My respect and admiration for Janet Berlo’s dedication for making the field of Native American and Indigenous Art History what it is today. Dr. Berlo was ahead of the curve on so many issues that are part of the methodological approach in Indigenous Studies today, but rarely has she been recognized in this cross-over space of Native American and Indigenous Studies. It is through her work that we are able to push the discussion of Indigenous feminism further. With care and gratitude for her contributions. 

Jolene Rickard, Ph.D., (Tuscarora Nation citizen) Cornell University, History of Art and Visual Studies Department

T’ai Smith

For Janet Berlo

T’ai Smith

Looking over my acknowledgements to Bauhaus Weaving Theory, I realize there is a significant absence. I recount there a few details: about the mentor who schooled me in Marxist thought, about the one who convinced me that learning German wouldn’t be so hard, and of course about my supervisor, who was a fundamentally generous and astute reader… But I neglected to mention that it was Janet Berlo who encouraged me to learn how to weave. I recall sitting in her office, as she showed me some books; she suggested that in order to grasp the multiple dimensions of a woven texture, it would help to start with the cumbersome basics. To understand the craft, she implied, you have to do the tasks.

The evidence currently sits in a box on my bedroom dresser: two twills and an open (lace) weave, the first three samples I made between January and April 2003. They remind me of those snowy days in Rochester, driving to Mimi Smith’ classes at the Weaver’s Guild, where I was introduced to a whole new vocabulary and practice: about harnesses and shuttles, about yarn calculations and winding the warp, about the tie-up and threading of heddles, about selvages and the patience (I mostly lack) to do it all well.
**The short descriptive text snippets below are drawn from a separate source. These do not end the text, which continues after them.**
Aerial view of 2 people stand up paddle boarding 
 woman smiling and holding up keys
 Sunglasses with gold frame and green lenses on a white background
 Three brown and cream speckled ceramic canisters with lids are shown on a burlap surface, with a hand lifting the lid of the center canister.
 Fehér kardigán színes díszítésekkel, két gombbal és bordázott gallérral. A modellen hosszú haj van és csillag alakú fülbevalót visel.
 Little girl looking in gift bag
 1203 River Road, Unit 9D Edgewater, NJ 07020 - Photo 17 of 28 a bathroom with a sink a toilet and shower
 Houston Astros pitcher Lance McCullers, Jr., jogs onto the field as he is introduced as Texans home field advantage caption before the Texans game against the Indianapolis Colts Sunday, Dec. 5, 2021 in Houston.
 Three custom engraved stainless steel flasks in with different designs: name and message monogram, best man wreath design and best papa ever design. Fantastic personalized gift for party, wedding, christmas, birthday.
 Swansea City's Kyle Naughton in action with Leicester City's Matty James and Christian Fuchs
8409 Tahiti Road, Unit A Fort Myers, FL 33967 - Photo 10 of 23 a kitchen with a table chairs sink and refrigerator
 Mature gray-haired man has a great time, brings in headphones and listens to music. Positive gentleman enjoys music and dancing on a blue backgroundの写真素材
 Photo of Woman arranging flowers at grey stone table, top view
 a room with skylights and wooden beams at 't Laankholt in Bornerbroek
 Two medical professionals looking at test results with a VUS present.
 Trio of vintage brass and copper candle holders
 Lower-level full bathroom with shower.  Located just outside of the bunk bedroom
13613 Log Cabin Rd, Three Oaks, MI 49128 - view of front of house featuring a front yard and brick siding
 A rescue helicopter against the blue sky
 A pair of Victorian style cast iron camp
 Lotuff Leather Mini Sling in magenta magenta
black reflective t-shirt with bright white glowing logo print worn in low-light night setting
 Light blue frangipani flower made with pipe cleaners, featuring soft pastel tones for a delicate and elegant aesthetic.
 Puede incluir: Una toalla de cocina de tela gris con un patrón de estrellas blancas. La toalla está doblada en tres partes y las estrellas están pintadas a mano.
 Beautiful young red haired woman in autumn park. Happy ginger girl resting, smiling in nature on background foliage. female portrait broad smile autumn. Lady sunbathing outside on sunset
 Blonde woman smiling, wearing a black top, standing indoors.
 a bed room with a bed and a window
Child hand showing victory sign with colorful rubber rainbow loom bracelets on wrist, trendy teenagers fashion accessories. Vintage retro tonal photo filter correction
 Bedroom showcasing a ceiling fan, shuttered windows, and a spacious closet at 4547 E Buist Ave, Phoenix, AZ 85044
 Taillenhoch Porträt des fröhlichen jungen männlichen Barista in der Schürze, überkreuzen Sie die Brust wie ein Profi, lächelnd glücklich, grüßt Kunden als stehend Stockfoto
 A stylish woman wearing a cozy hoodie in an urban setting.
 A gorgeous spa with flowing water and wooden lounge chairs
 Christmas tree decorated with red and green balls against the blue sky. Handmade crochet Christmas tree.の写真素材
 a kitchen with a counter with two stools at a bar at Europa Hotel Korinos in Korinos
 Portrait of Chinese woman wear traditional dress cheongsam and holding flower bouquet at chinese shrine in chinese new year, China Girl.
It is almost comical that I absented Janet’s meaningful suggestion, given the book’s argument and its commitment to labor as the source of value. While most others in art history and visual studies at the time were bewildered by my topic, Janet took my budding curiosity about threads seriously. For that, I’m forever grateful.

Malaika Sutter

I met Janet during my master’s at the University of Rochester in 2019. I was immediately fascinated by her innovative teaching style and approachable, kind personality. I remember that all assignments had a clear, specific purpose geared toward the seminar paper or our career. Every choice was comprehensive and in our best interest. It was new to me that a senior professor could be so much in touch with her students. However, I quickly understood that Janet was no ordinary professor and that meeting her would fundamentally change my way of thinking, writing, and teaching both in and outside academia. Beyond her brilliant teaching and research, I learned from Janet that we are all, first and foremost, humans who carry a backpack of experiences and emotions with us. Janet was the first professor I could open up to about emotionally taxing situations during my studies, and she was the first person I could count on for support when I struggled with grief and mental health issues. Since she has become my dissertation supervisor, she has never put me under pressure; I can trust that whether I stay in academia or not, she will support me and always have the best intentions for me as a human being. That is an exceedingly rare trait in academia, but, as I said before, Janet is no ordinary professor. I will never forget how, during one of the most challenging times in my life, Janet made sure to contact me regularly, providing me with a supportive framework that enabled me to continue to work on my dissertation and which rekindled my joy and love for my research. I am so grateful for the mentorship, support, and, most of all, the friendship Janet has shown me over the years. I so am proud to be her Ph.D. student and to have been shaped by her research, teaching, and thinking.

                                                                                                                        April 2024, Malaika S.